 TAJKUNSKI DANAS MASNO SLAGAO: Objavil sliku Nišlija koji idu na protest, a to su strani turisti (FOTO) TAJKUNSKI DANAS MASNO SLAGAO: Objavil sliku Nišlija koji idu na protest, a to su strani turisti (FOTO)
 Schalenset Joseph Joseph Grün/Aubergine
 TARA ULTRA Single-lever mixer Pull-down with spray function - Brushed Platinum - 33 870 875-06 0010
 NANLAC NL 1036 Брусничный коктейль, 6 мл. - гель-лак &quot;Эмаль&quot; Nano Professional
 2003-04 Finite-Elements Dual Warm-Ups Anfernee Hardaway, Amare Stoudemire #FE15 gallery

++++++

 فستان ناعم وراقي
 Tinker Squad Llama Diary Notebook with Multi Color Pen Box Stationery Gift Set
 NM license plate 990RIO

++++++

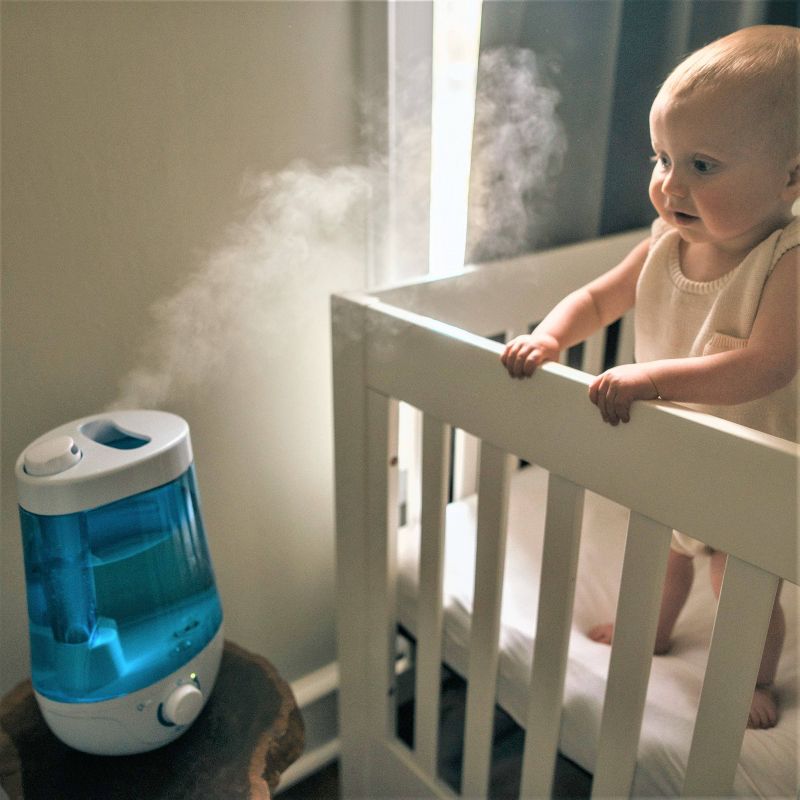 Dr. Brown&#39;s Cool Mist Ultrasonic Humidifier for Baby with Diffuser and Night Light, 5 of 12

++++++

All lines in the listing above between the line with "Tinker Squad Llama" and the line with "NM license plate 990RIO", inclusive, should be set down exactly, and no line outside that range.

 Tinker Squad Llama Diary Notebook with Multi Color Pen Box Stationery Gift Set
 NM license plate 990RIO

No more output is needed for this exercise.